Your goal: Using the entries below, write out the line with "Eskişehirde ‘Aşık Veyseli", the line with "Picture of 4/25", and every line in between, exactly as each is written.

(Source material Opens)

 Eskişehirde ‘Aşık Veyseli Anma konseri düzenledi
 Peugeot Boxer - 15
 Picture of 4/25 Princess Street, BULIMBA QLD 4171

(Source material Closes)
(Source material Opens)

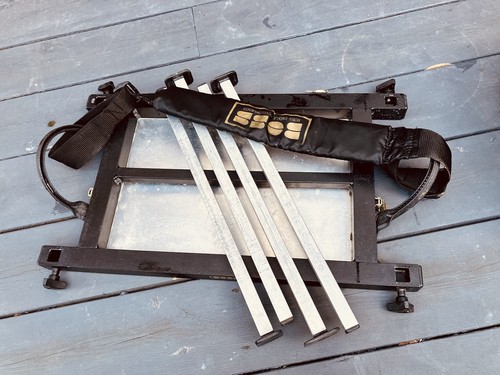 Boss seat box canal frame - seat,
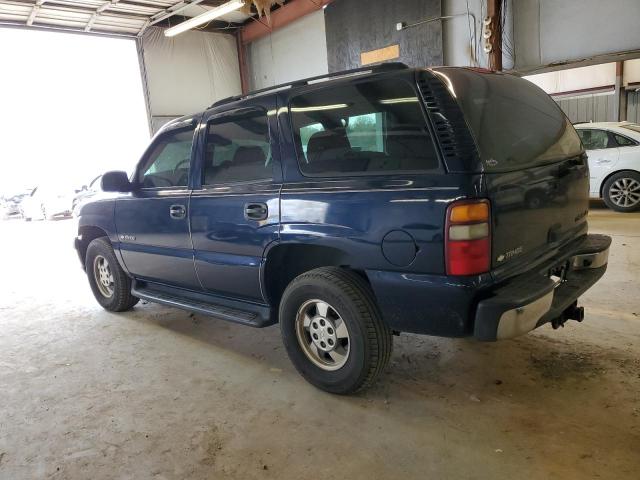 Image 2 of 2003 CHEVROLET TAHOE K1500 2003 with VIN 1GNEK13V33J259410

(Source material Closes)

Problem solution:
 Eskişehirde ‘Aşık Veyseli Anma konseri düzenledi
 Peugeot Boxer - 15
 Picture of 4/25 Princess Street, BULIMBA QLD 4171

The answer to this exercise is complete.